La serenità e la solennità della Natura, la sua quiete pur nel mutamento perpetuo e ineluttabile, la sua consapevolezza, sono lo sfondo su cui si muovono – brancolando e annaspando – gli esseri umani, con la loro irrequieta inquietudine, il loro essere ignari di quale sia il proprio posto in questo mondo. Forse per dare espressione a tale verità Kawabata – in questo romanzo impalpabile, inafferrabile e che pur lascia un solco profondo nell’anima con la sua poesia e i suoi silenzi che parlano solo al cuore e lasciano la mente a ricercare a tentoni significati e accadimenti – descrive in modo così nitido, minuzioso, vivo la Natura e racconta invece solo a frasi spezzate, a episodi frammentati, la vicenda e i sentimenti dei tre protagonisti.
Il paesaggio era scuro, severo. Il crepitio della neve che gelava sulla terra pareva rimbombare nelle sue profondità. Non c’era luna.
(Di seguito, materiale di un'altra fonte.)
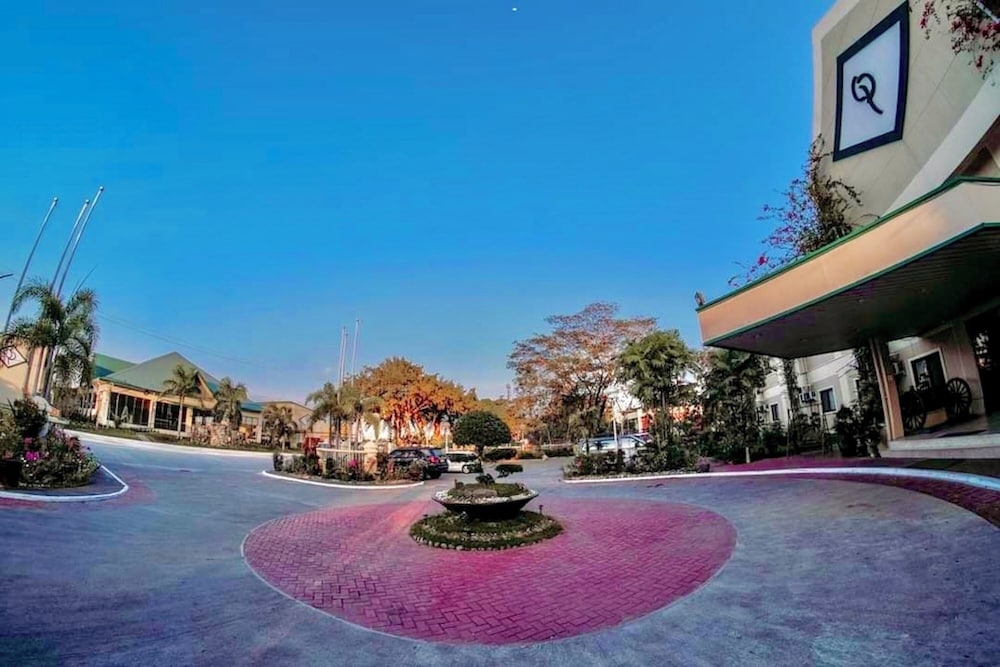 숙박 시설 정면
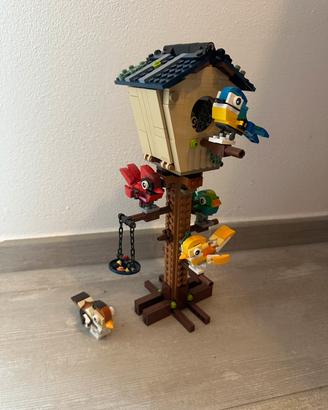 Casetta per Uccelli Lego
Le stelle, troppe per sembrare vere, si affacciavano in cielo con uno scintillio così vivo che parevano precipitare nel vuoto. […] Le vette della catena montuosa confondendosi l’una con l’altra, si levavano massicce sull’orlo del cielo stellato in un’oscurità così greve e fosca che pareva partecipare del loro peso. L’insieme della scena notturna si fondava in una pura, serena armonia.
Mentre la Natura semplicemente e magnificentemente esiste, l’uomo si sforza di vivere, ogni individuo a modo proprio; più volte torna nel testo il giudizio dell’ozioso Shimamura sullo “sciupo di energie” e lo “sforzo inutile” della geisha Komako, perch’ella scrive il suo diario, legge e ricopia i dati di tutti i libri che ha letto, con estrema volontà affina da sola l’arte dello shamisen, e soprattutto s’impegna ad accettare e a volgere al meglio il destino d’ombra che le è toccato.
Aveva una sensazione di vuoto per cui la vita di Komako gli pareva bella ma sciupata, anche se era lui l’oggetto del suo amore; eppure l’esistenza della donna, il suo sforzo per vivere, lo commuovevano come una pelle nuda. Aveva compassione di lei, e compassione di se stesso.
Anche la loro relazione è costantemente minacciata dal fantasma dello “sforzo inutile” e nasce, langue e si protrae in continui ripensamenti, accessi febbrili, fughe, concessioni, sublimazioni, che sin dal primo incontro dei due amanti ne predicono la fine. Così come la prima apparizione – vitale eppure effimera – dell’altra geisha, Yoko, e il ripetuto ricordare il tono triste della sua voce che la rende così unica e fascinosa, sono echi che giungono da un futuro troppo prossimo che la vedrà sfiorire. E così, infine, come le foglie d’acero e il loro rosso acceso, che colorano l’ultima visita di Shimamura a Komako nel paese delle nevi, che cedono il posto alla neve e a un nuovo inverno. Perché gli uomini e la Natura, pur con differenti consapevolezze, sono comunque vittime della caducità delle cose.
C’è molto, molto più di quello che una prima lettura, magari affrettata, di questo romanzo breve e solo apparentemente privo di eventi, potrebbe mostrare. E la mia è sicuramente una interpretazione solo parziale, magari fallace. Ma al di là dei significati e della trama, dello stile e della profondità di contenuti che ognuno può scorgervi in differenti modi, il romanzo di Kawabata vibra. Di vita, di attesa, di assenza, di resa, di morte. Ma vibra. E fa vibrare l’animo di chi lo legge. E lo rilegge. E lo rilegge ancora.
Nota: il libro è stato tradotto dalla casa editrice Einaudi dall’edizione inglese e non dal testo originale giapponese; durante la lettura emergono limiti e inconvenienti di tale scelta. Un vero peccato.
Nota: il libro è stato tradotto dalla casa editrice Einaudi dall’edizione inglese e non dal testo originale giapponese; durante la lettura emergono limiti e inconvenienti di tale scelta. Un vero peccato.